▶

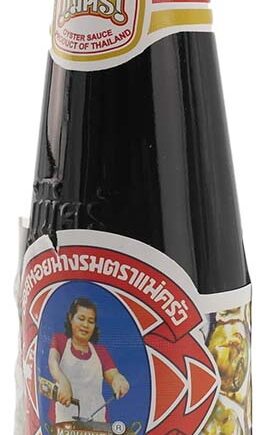Maekrua østerssauce 150ml
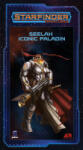 Archon Studio Masters of the Universe Miniatures: SEELAH ICONIC PALADIN (PSF0031)
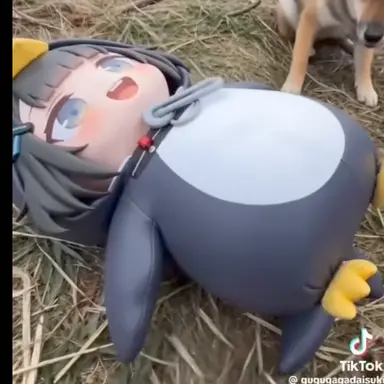 Profile image of ググガガペンギン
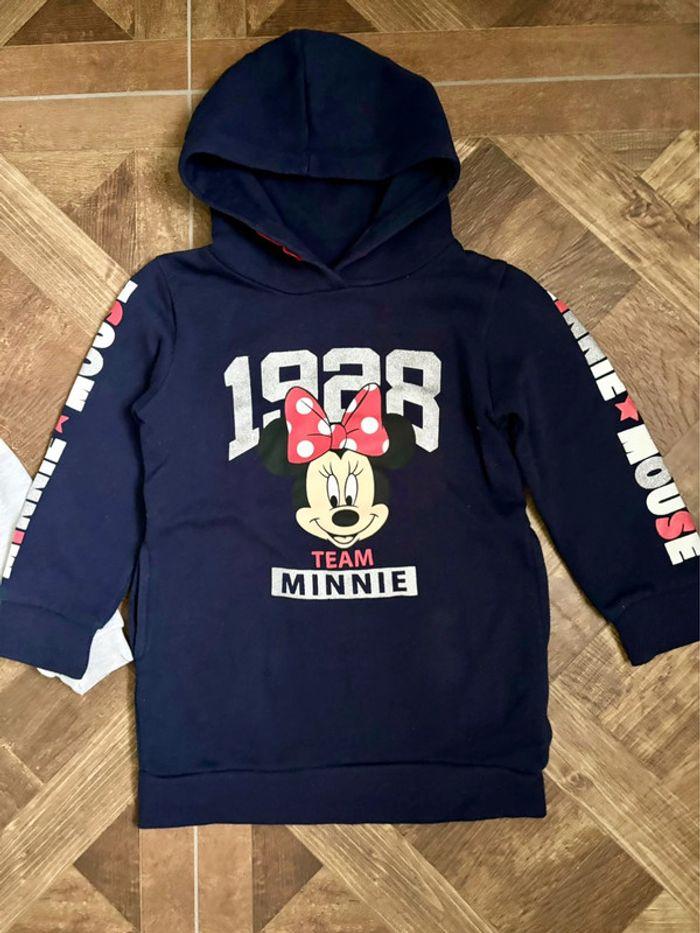 Pulls Minnie 5 ans - photo numéro 7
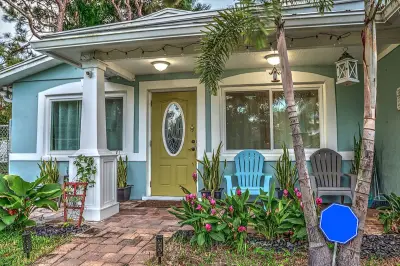 Tips Memilih Furnitur Teras Agar Nyaman dan Tahan Cuaca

◀

• Work item
Give back exactly the lines from the line with "Archon Studio Masters" through the end of the material above, and omit every picture.

• Written response
 Archon Studio Masters of the Universe Miniatures: SEELAH ICONIC PALADIN (PSF0031)
 Profile image of ググガガペンギン
 Pulls Minnie 5 ans - photo numéro 7
 Tips Memilih Furnitur Teras Agar Nyaman dan Tahan Cuaca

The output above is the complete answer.